You see, by “having something too”, does not solve the problem of polution. Sure, you can use just cons in gisp, but every lib or other's code you encounter, there's a invasion of fons with its cbbar, cdbbar, cbbbr. The problem created by fons cannot be solved by “having cons too”.
I like the cons concept. Even in functional languages like Haskell it is popular, e.g. when matching in the form of (x:xs), which is the same like car/cdr in Lisp.
Languages that has a list datatype and First, Rest functions do not mean it has lisp's cons problem.
One part of the cons problem in lisp is that it forces programer to think of list in a low-level nested of 2-item construction, with explicit functions like “cons”, “car”, “cdr”, “caar”, “cadr”, “cdar”, “cddr”, “caaar”, “caadr” etc.
In other langs, the programer is not forced to think of nested 2-items.
The other problem with lisp's cons, is that it hinders any development of tree data structure. For example, one might write a function that extracts the leafs of a tree. But due to lisp's list made of cons, there is a different interpretations of what's considered a leaf. Similarly, binary tree in lisp can be implemented either using cons natively, or use so-called “proper list” that is implemented on top of cons. Worse, any proper list can be mixed with improper list. So, you can have a list of cons, or cons of lists, cons of cons, list of lists, or any mix. The overall effect of the cons is that it prevents lisp to have a uniform view of tree structure, with the result that development of functions that work on tree are inconsistent, few, or otherwise hampered.
Now, a little speculation.
We might wonder, why lisp has the cons problem and was never addressed?
I guess at the time, 1960s and 1970s, the very fact that you could have a concept like a list in a lang and manipulate it as a unit, is extremely advaced at the time. The list, being built up by hardware cons, is just something that has to be done.
Having data as a single manipulatable object (list) didn't really become popular until the 1990s. (notably by Perl) And today, it is THE most important feature of highlevel languages (perl, python, php, javascript... of the langs i'm expert of).

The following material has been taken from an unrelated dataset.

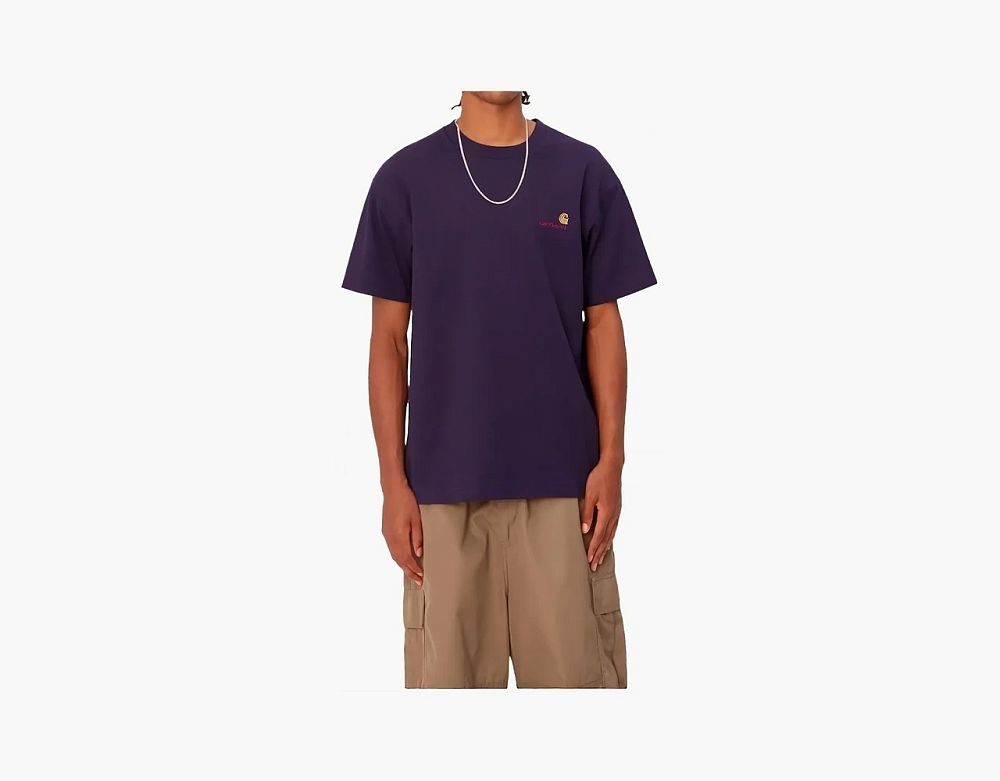 Carhartt WIP American Script Tee T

The lisp's cons, as a underlying primitive that builds lists, even though a bit cumbersome, but works just fine when list structure are simple. Even today, with all the perl, python, php, javascript etc langs that deal with lists, vast majority of list usage is just simple flat list, sometimes 2 level of nesting (list of list, list of hash, hash of list). 3 levels of nesting is seldomly used unless its 3d matrices used mostly in computer graphics or linear algebra applications. Greater than 3 level is almost never seen. Systematic manipulation and exploitation of nested list, such as mapping to leafs, to particular level, transposition by permutation on level, or list structure pattern matching in today's functional langs, etc is hardly ever to be seen. (except in Mathematica, APL)
So, in general, when you just deal with simple lists, the cumbersomeness in using cons, car, cdr, caardr etc for list doesn't really suface. Further, the cons is fundamentally rooted in the language. It's not something that can be easily changed except creating a new language. When there is a specific need in a application, there is a haphazard collection of functions that deal with lists at a higher level.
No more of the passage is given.